Although the data below contains pictures, output only the lines between those holding "100% Human Hair" and "94,85 % pour", inclusive, exactly and without those pictures.

RECORDS FOR PROCESSING:
○ ○ ○ ○

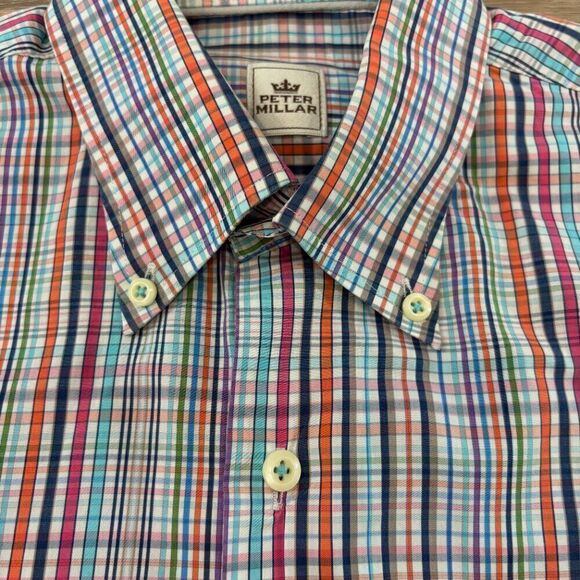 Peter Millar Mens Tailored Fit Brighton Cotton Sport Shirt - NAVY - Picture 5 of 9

○ ○ ○ ○

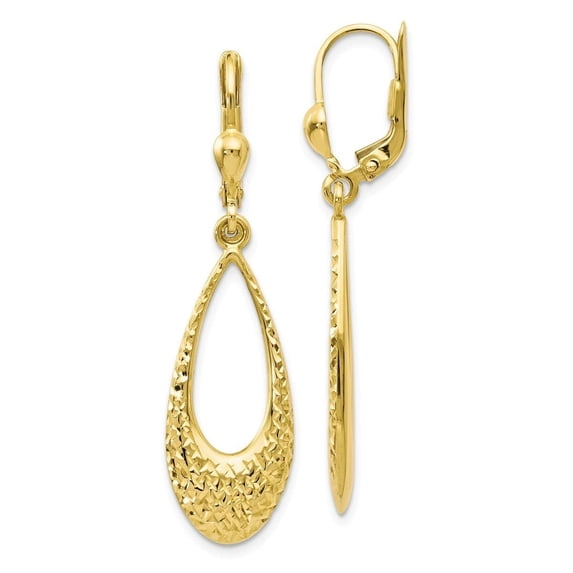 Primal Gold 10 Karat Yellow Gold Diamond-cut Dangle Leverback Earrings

○ ○ ○ ○

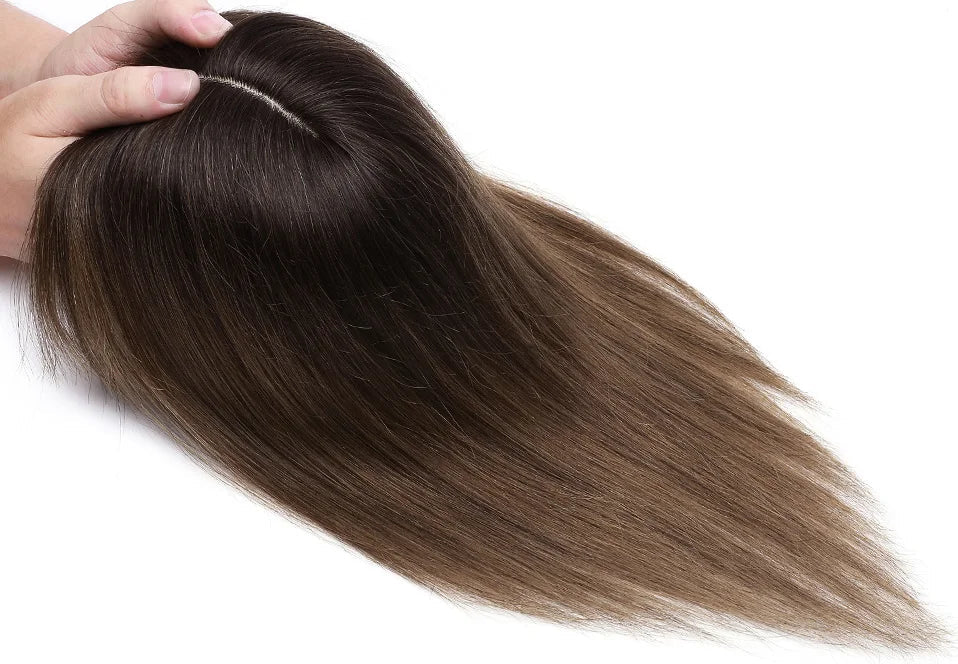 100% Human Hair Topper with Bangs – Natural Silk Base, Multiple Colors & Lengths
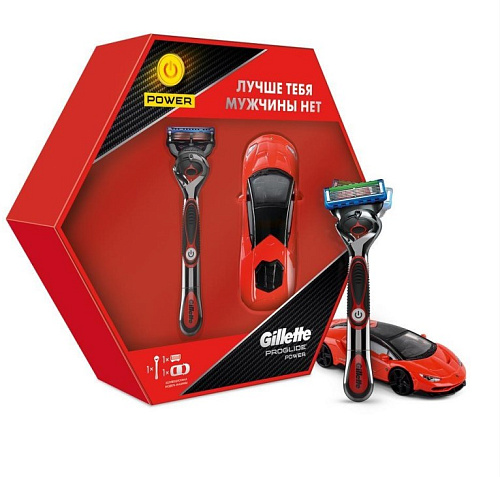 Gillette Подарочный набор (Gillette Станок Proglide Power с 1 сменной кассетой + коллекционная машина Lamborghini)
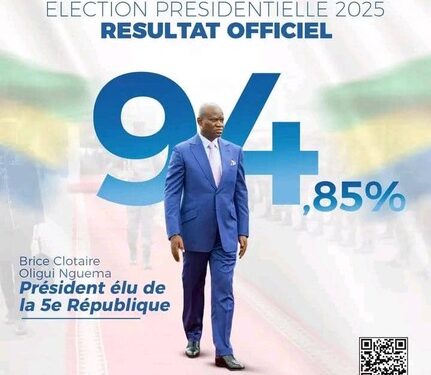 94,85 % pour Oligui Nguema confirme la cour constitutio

○ ○ ○ ○

ANSWER TO THIS TASK:
 100% Human Hair Topper with Bangs – Natural Silk Base, Multiple Colors & Lengths
 Gillette Подарочный набор (Gillette Станок Proglide Power с 1 сменной кассетой + коллекционная машина Lamborghini)
 94,85 % pour Oligui Nguema confirme la cour constitutio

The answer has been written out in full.